The paper in Nature Microbiology is here: go.nature.com/2QBJg16
Streptococcus pneumoniae (the pneumococcus) is a Gram-positive commensal pathogen and the leading cause of lower respiratory infections and related mortality and morbidity globally. Normally pneumococci are silent colonizers of the human nasopharynx, but they can also cause life-threatening diseases such as pneumonia, septicemia and meningitis upon invasion of different organs. The pore-forming toxin, pneumolysin (PLY) is expressed by most disease-causing isolates and is a major virulence determinant.
Data from previous studies suggest that PLY is a pro-inflammatory mediator owing to its ability to form pores in host cells. But, what is the function of PLY at non-cytolytic doses? Are there cell-type specific responses to PLY? These were questions that we tried to answer in this project.
Dr. Karthik Subramanian, a senior postdoc in the lab of Prof. Birgitta Henriques-Normark along with a PhD student, Laura Spelmink, were investigating PLY-induced cytokine responses in different cell types. Unexpectedly, they found that PLY evoked a cell-death independent immunosuppressive response in dendritic cells (DCs) and in primary alveolar macrophages, but not in neutrophils. We hypothesized that there could be a host receptor for PLY that mediates immunosuppression in response to PLY.
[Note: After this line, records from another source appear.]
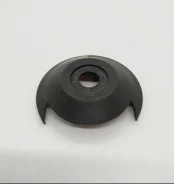 ������ ������. ����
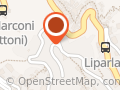 Blu Trasporti Positano Piccola Soc. Coop. A R.L.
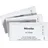Miele SF SAC 20/30 AirClean Filter 3 St.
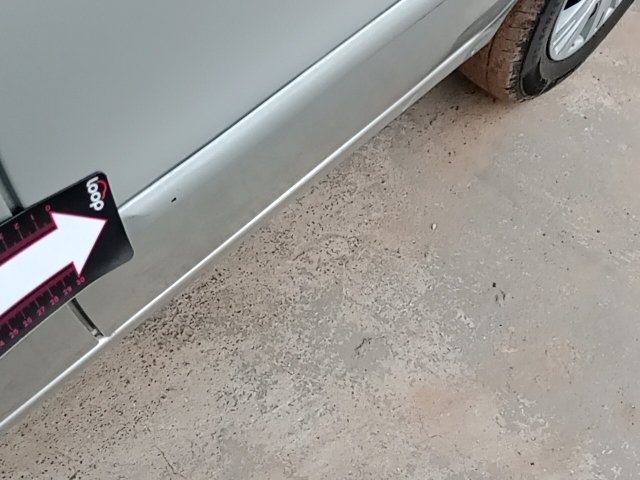 Vehicle_photo_28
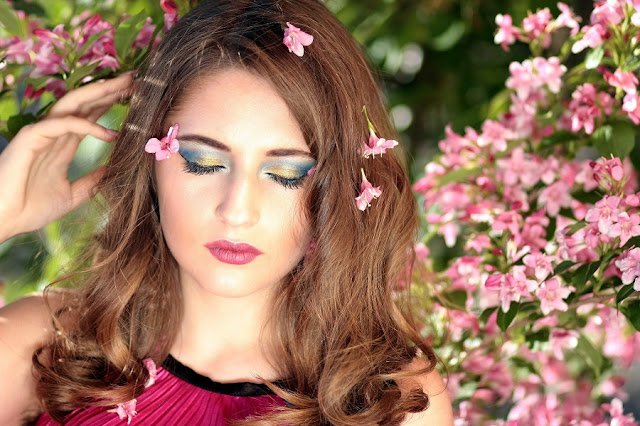 Amino Acids Supplements Benefits for Hair Amino Acids Supplements Benefits for Hair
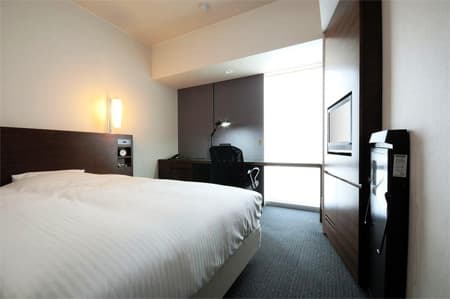 ＪＲイン札幌 2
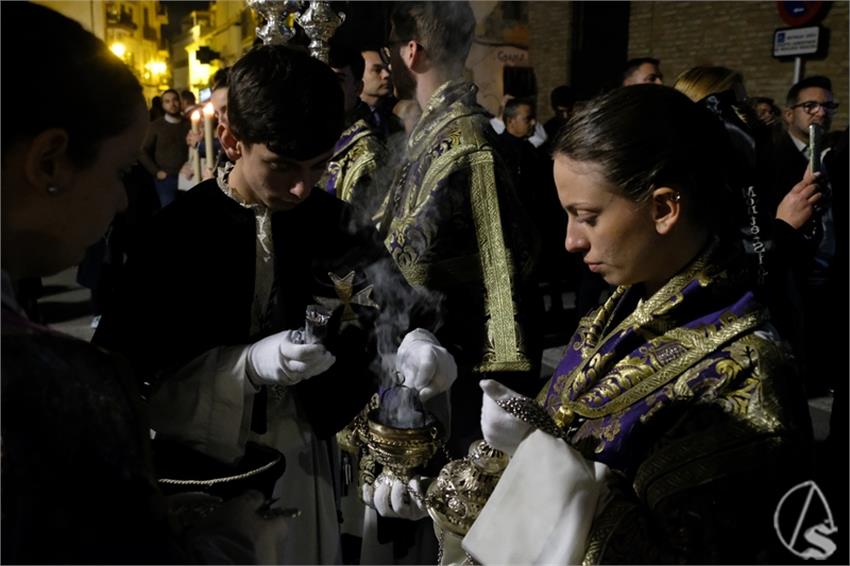DSCF8272__Copiar__1.JPG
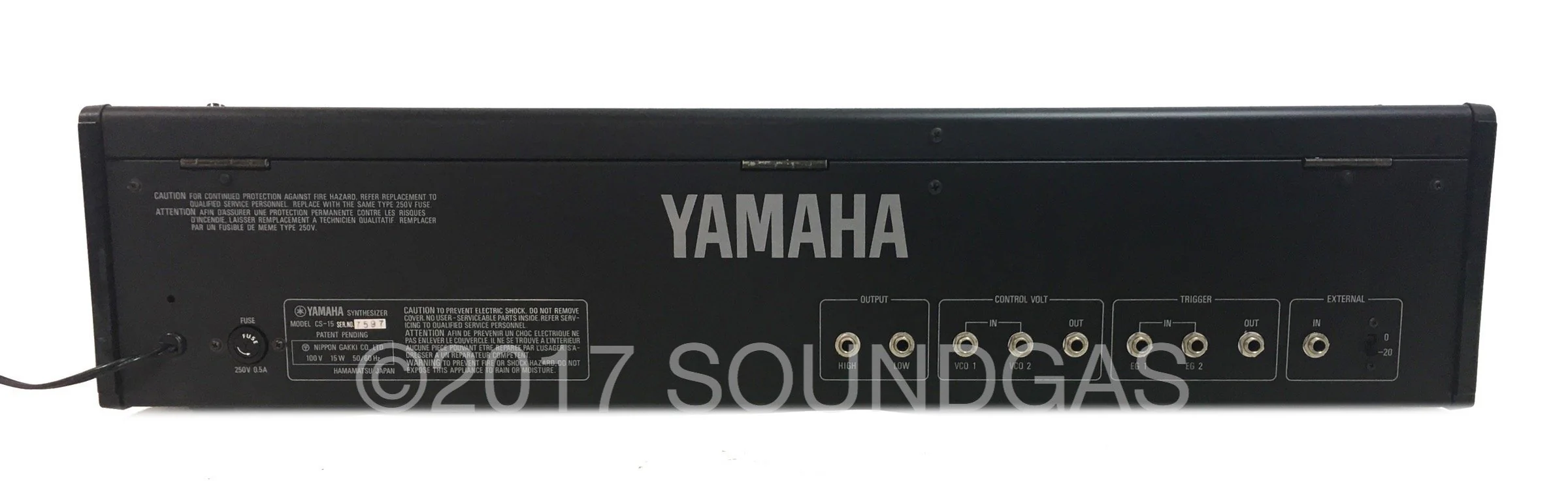 Product image 8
We performed pull-down assays and mass-spectrometry and identified the proteins interacting with PLY. We identified the mannose receptor C type lectin 1 (MRC-1) to specifically interact with PLY in DCs. The mannose receptor, MRC-1 (CD206), is a M2 phenotype marker and a phagocytic receptor that is expressed by most tissue macrophages, including alveolar macrophages in the lungs. To confirm the PLY:MRC-1 interaction, we performed immunofluorescence microscopy and surface plasmon resonance in collaboration with Prof. Per-Åke Nygren at the Royal Institute of Technology in Stockholm.
So, does the pneumococcus utilize MRC-1 to go intracellular and escape killing? Interestingly, we found that PLY-expressing bacteria co-localized with MRC-1 but were not lysosome associated, in contrast to isogenic PLY mutants. This was abolished when the bacteria were opsonized prior to infection, indicating that in low opsonic environments like the upper and lower airways, uptake via MRC-1 plays a crucial role.
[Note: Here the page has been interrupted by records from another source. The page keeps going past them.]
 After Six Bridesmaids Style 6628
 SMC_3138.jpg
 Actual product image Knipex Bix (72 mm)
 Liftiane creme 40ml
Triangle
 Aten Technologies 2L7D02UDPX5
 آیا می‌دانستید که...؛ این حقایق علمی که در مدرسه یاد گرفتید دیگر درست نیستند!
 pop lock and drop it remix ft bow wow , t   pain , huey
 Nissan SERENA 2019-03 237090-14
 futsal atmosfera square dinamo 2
Next, we were puzzled whether the lytic activity of pneumolysin is a prerequisite for lysosomal escape within the DCs. To investigate this, we used clinical strain expressing a non-functional pneumolysin, BHN 31 (ST306) and a clonally related hemolytic strain, BHN32 (ST228). And the answer was yes!
Having characterized the role of MRC-1 in vitro, we then evaluated its pathological significance using relevant infection models in mice. We employed the invasive pneumococcal disease model while our collaborators, Prof. Aras Kadioglu and Dr. Neill Daniel at the University of Liverpool utilized a nasopharyngeal colonization model comparing wild-type and MRC-1 knockout mice. Both our labs arrived at the conclusion that MRC-1 contributed to enhanced colonization as well as intracellular survival in macrophages, higher bacterial load and lower immune attack.
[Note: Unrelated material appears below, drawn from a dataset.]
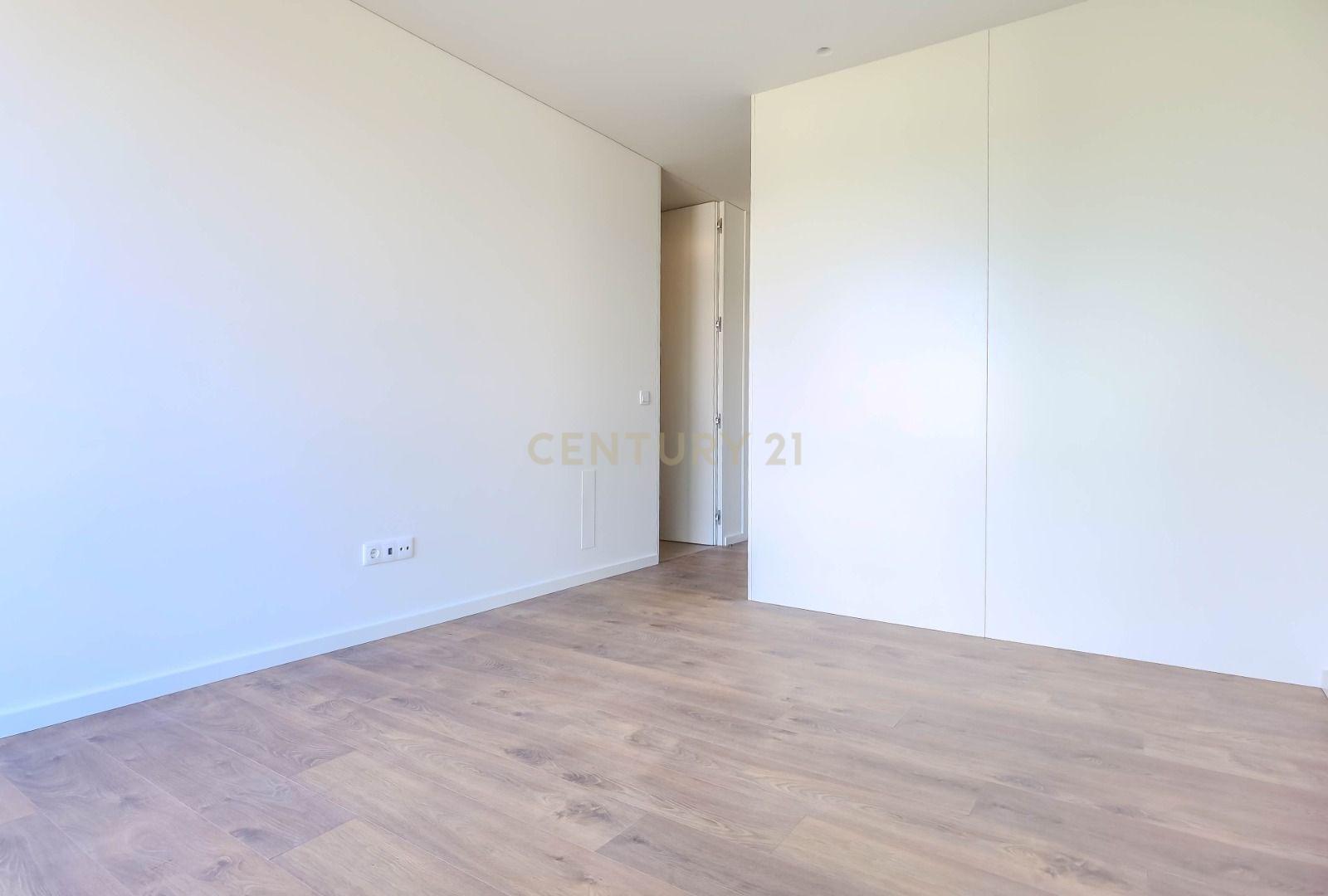 Moradia T4 à venda em Mancelos, Amarante — foto 32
Our study has found a significant role for PLY in enabling pneumococci to invade MRC-1 proficient immune cells including DCs and alveolar macrophages in the airways, thereby dampening cytokine responses to establish intracellular residency. Although PLY is not a typical adhesin, recently it has been shown to be surface localized by TEM analysis (Shak et al., MBio. 2013). Our data provide compelling evidence to suggest that PLY can invade MRC-1+ macrophages residing in respiratory tract. Our findings have implication for future vaccine design and opens up new avenues to develop therapeutics targeting MRC-1.